Colpisce la consapevolezza del pericolo corso e insieme la correttezza e la modestia nel non appropriarsi di meriti particolari : “per lusinghiera che sia” la definizione di antifascista gli sembra davvero troppo per un comportamento “naturale”.
E’ evidente che si tratta di una brutta copia mai passata in bella, mai ricopiata né a mano né a macchina; del resto di questa si serviva quasi esclusivamente solo per i suoi conti. Frammenti di memoria riordinati per sé, non destinati ad altri.
Gli appunti degli ultimi tristi anni della sua malattia, quando passava molto tempo a scrivere, sono stati da lui stesso distrutti ; questo foglietto si è salvato.
Noi figli abbiamo pensato che questo avesse, consapevolmente o meno, un senso. Ci ha affidato un compito? Crediamo che sì, forse inconsciamente, a modo suo abbia voluto lasciarci una testimonianza di coerenza ai suoi valori.
“Una testimonianza in brutta copia” che esprime in qualche modo la sua ritrosia a rivelare un episodio significativo della sua vita di giovane militare (era stato militare di carriera prima di essere insegnante); ma allo stesso tempo la consapevolezza del suo significato etico e civile.
Ma perché non ne ha fatto cenno prima? Conoscendo il suo rigore morale, noi pensiamo che a questa decisione lo abbia spinto la preoccupazione di non creare problemi o mettere in difficoltà i commilitoni che lo avevano protetto. Salta subito agli occhi che di nessuno di loro rivela il nome, neppure dopo tanto tempo; mentre per due volte dichiara nome e cognome del comandante del reparto. Li chiama amici. Non lo conosce o non lo ricorda? Improbabile, ha sempre avuto una memoria di ferro.
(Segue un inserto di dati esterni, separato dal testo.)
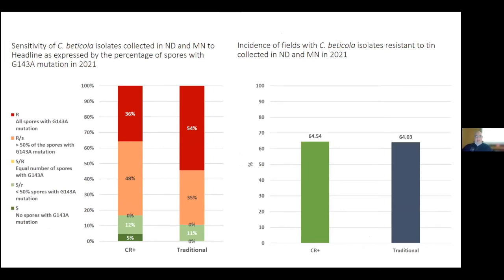At MnDAC last year, about 60% of our acres were planted to the new KWS CR plus trait — we had a lot of success with it. When we submitted samples this year, half of the 48 samples taken by staff were CR plus and half were traditional varieties. On headline, 84% of the CR plus isolates still had greater than 50% of spores with the G143A mutation present, and 89% on the traditional side — really not a lot of difference. Tin was almost identical: 64% and 64% across the board.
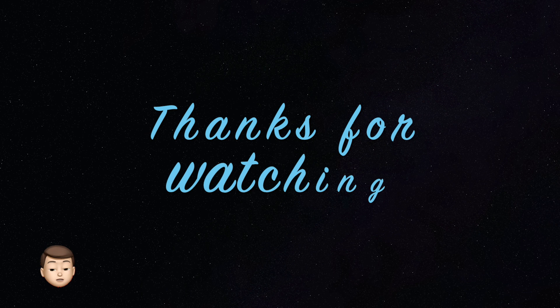If you like this video, please like, share, and subscribe. Bye!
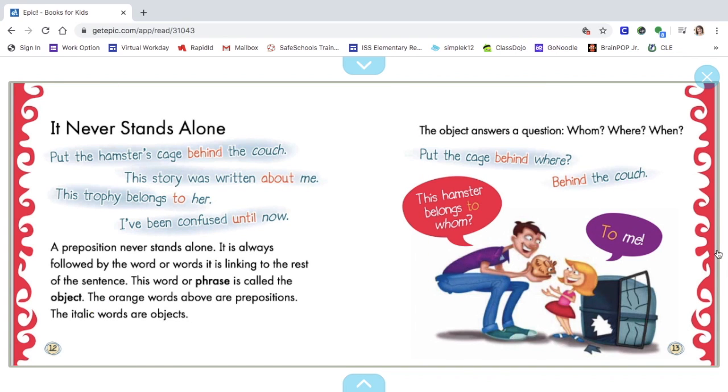A preposition never stands alone. But the hamster cage — behind the couch. This story was written about me. This trophy belongs to her. I've been confused until now. A preposition is always followed by the word or words it is linking to the rest of the sentence. This word or phrase is called the object. The object answers a question: whom, where, or when. Put the cage — behind where? Behind the couch.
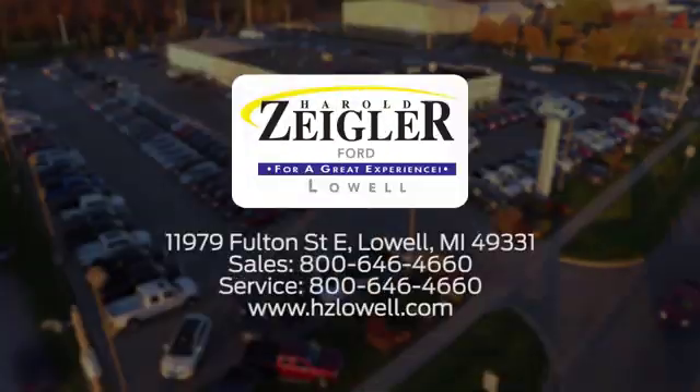Harold Ziegler. For a great experience, we're conveniently located at 11979 Fulton Street East in Lowell, Michigan.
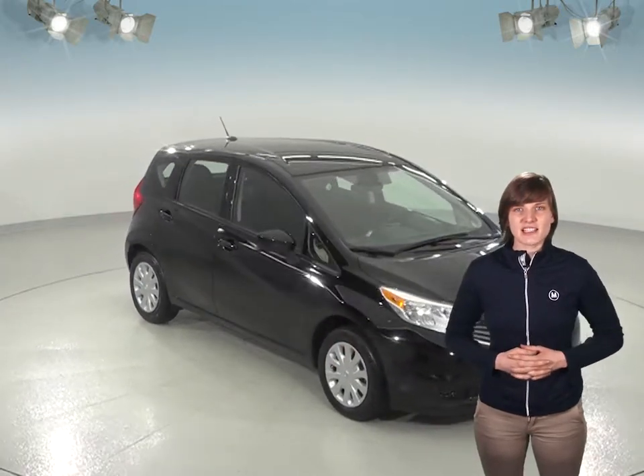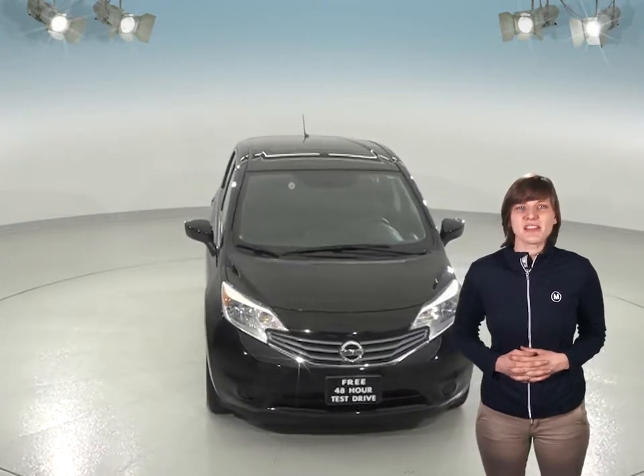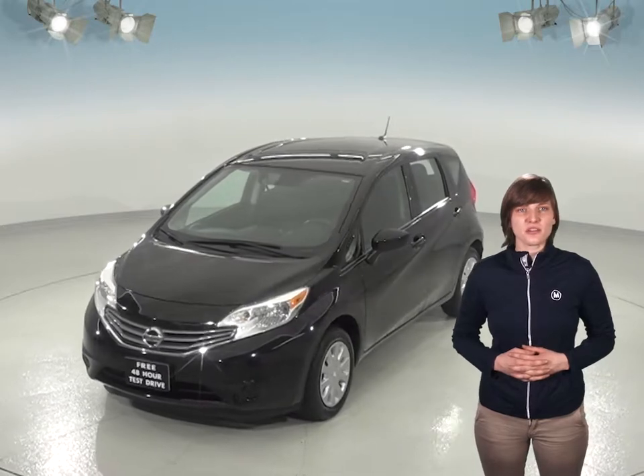Here's a 2016 Nissan Versa that is going to be a great option for your next car. This car has just about 44,000 miles on the odometer, and it's a great option if you want something that is spacious, reliable, and comfortable.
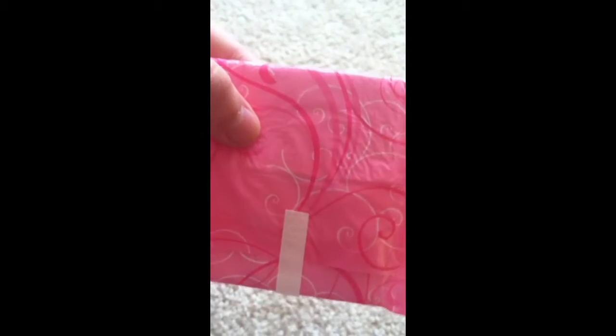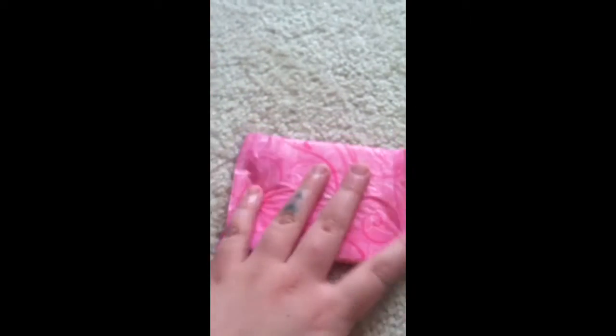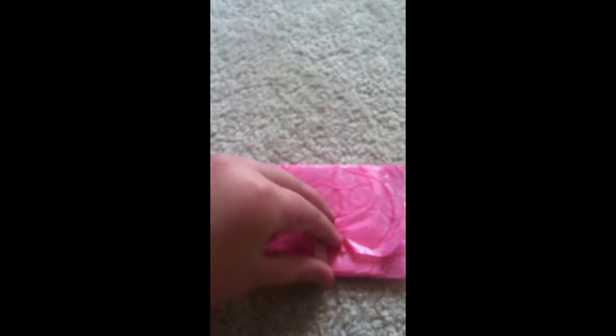I'm going to show you a pad and a tampon that are both really good for light flow. The first one is the Always Ultra Thin Slender — I'm waiting for my camera to focus so you guys can see the design a little bit better. It's very thin, very small and compact, and it's got really cute packaging. I'm going to show you guys the open one so I can show you a little bit better.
Sono amici perché si sono comportati come tali, lo hanno protetto perché evidentemente condividono il suo sdegno. Hanno fatto anche loro la cosa giusta e “naturale”. Questo è sufficiente. Modestia estesa anche agli altri , forse più numerosi di quanto si pensi, con cui è in consonanza?
Pensiamo che dopo tanti anni questa vicenda meriti di uscire dalla nostra memoria privata e di proporsi a un riconoscimento e a una riflessione più ampia. Quanto sappiamo e come valutiamo vicende non eclatanti ma sicuramente coraggiose e anche eroiche, di persone comuni che con la loro condotta coerente ai valori innanzi tutto civili e umani, hanno costituito l’humus da cui è nata la Resistenza anche armata?
E come si può definire diversamente che resistente la loro azione, se continuata poi in militanza politica coerente con gli stessi valori?
Mario Depau è stato militante del PC già dal 1944 anno a cui risale la sua prima tessera. E’ stato anche Segretario del partito a Esterzili, nel paese in cui era tornato a insegnare e in cui era nato.